----- INPUT DATA

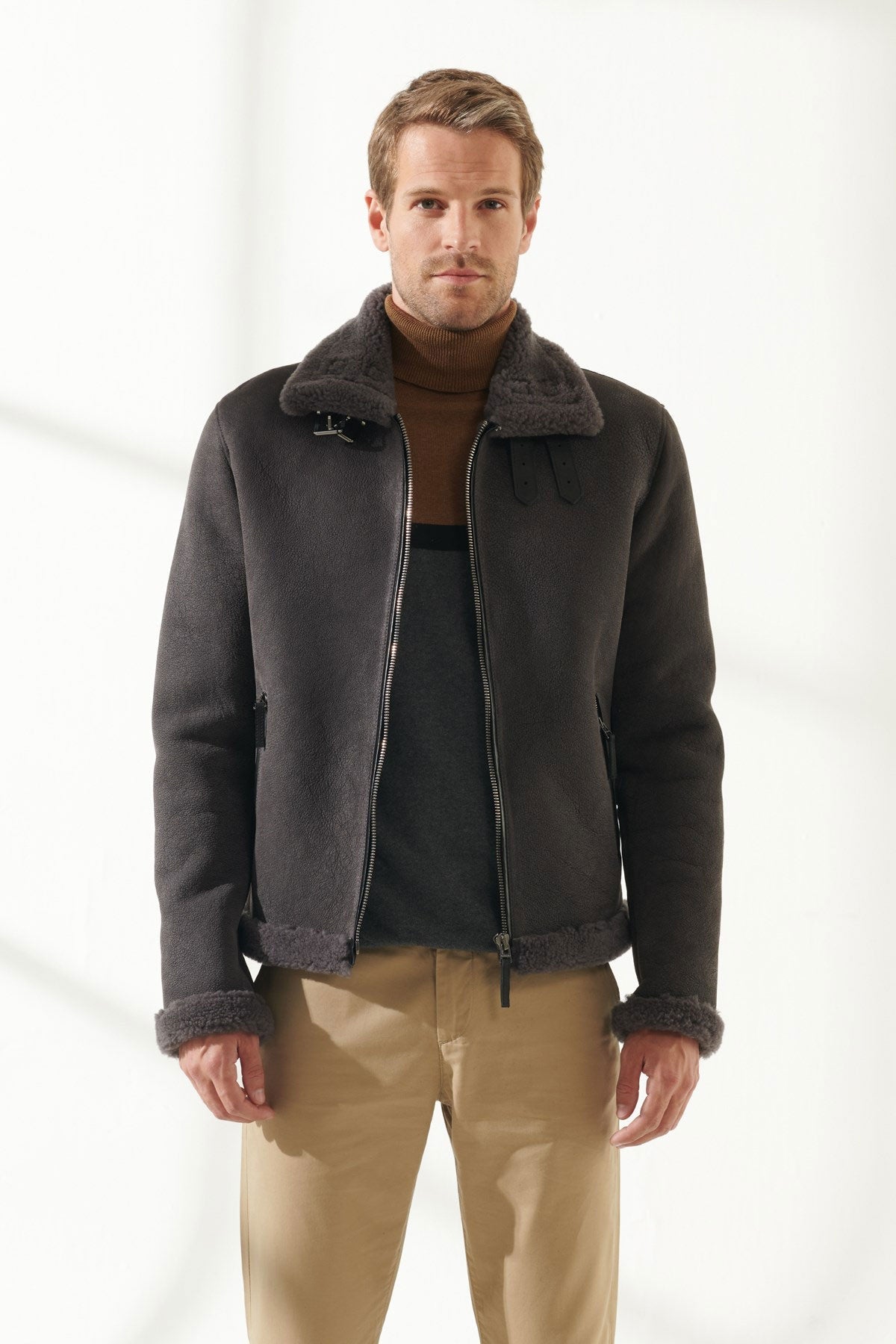 Men Aviator Black Shearling Jacket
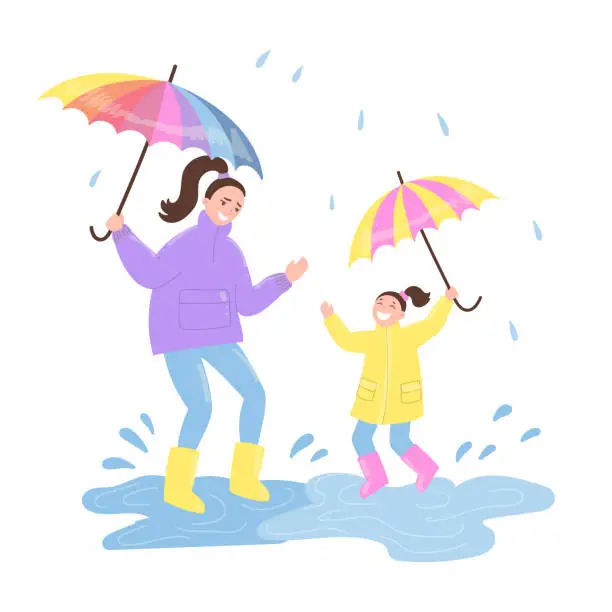 Vector illustration of Happy mother and daughter jumping in puddle at springtime in flat cartoon design.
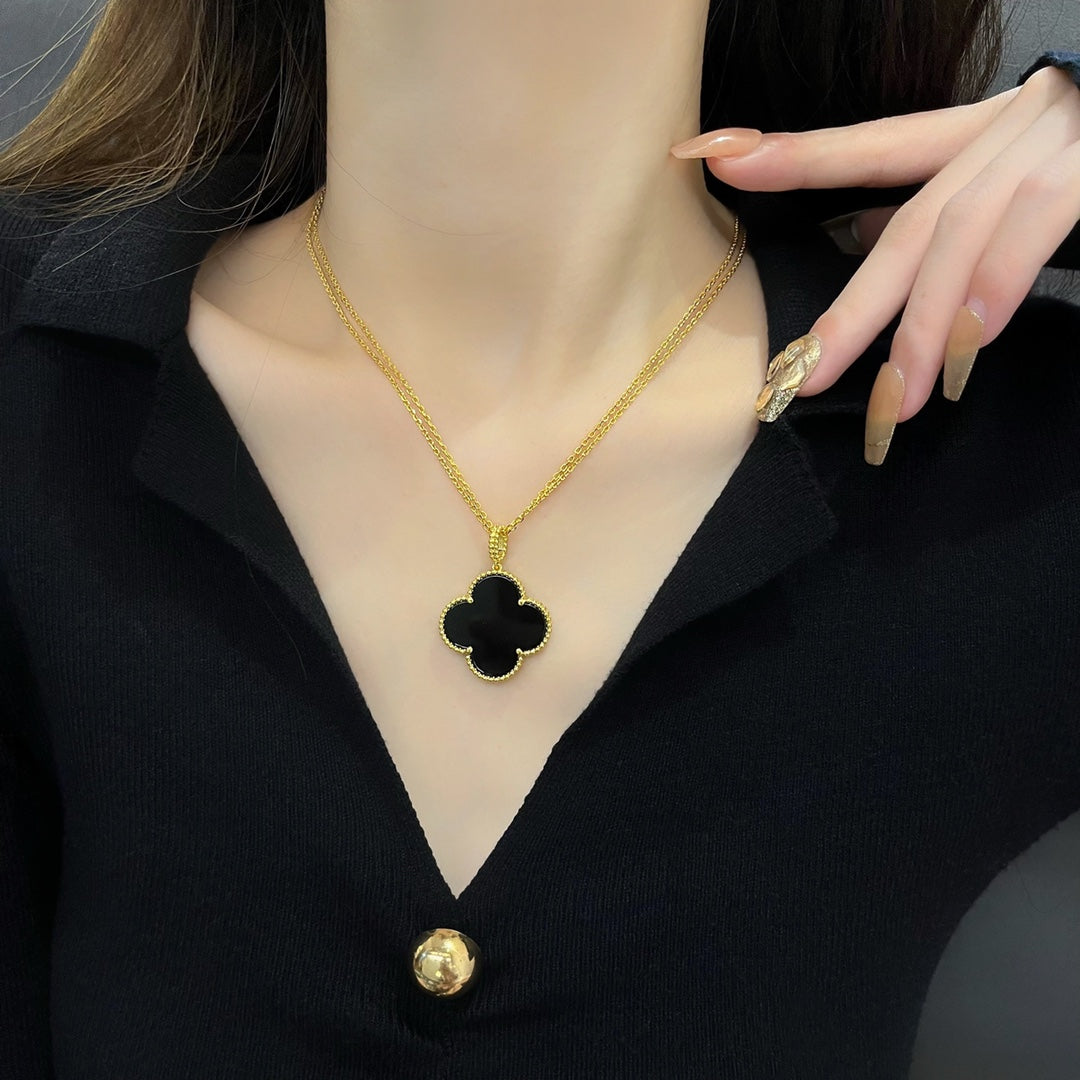 [Royal Top]CLOVER 25MM NECKLACE GOLD ONYX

----------

_THE TASK:_ Beginning at the line with "Vector illustration of" and ending at the last line of the listing above, retype each line exactly, including those two lines. Leave the pictures out.

_RESPONSE AREA:_
 Vector illustration of Happy mother and daughter jumping in puddle at springtime in flat cartoon design.
 [Royal Top]CLOVER 25MM NECKLACE GOLD ONYX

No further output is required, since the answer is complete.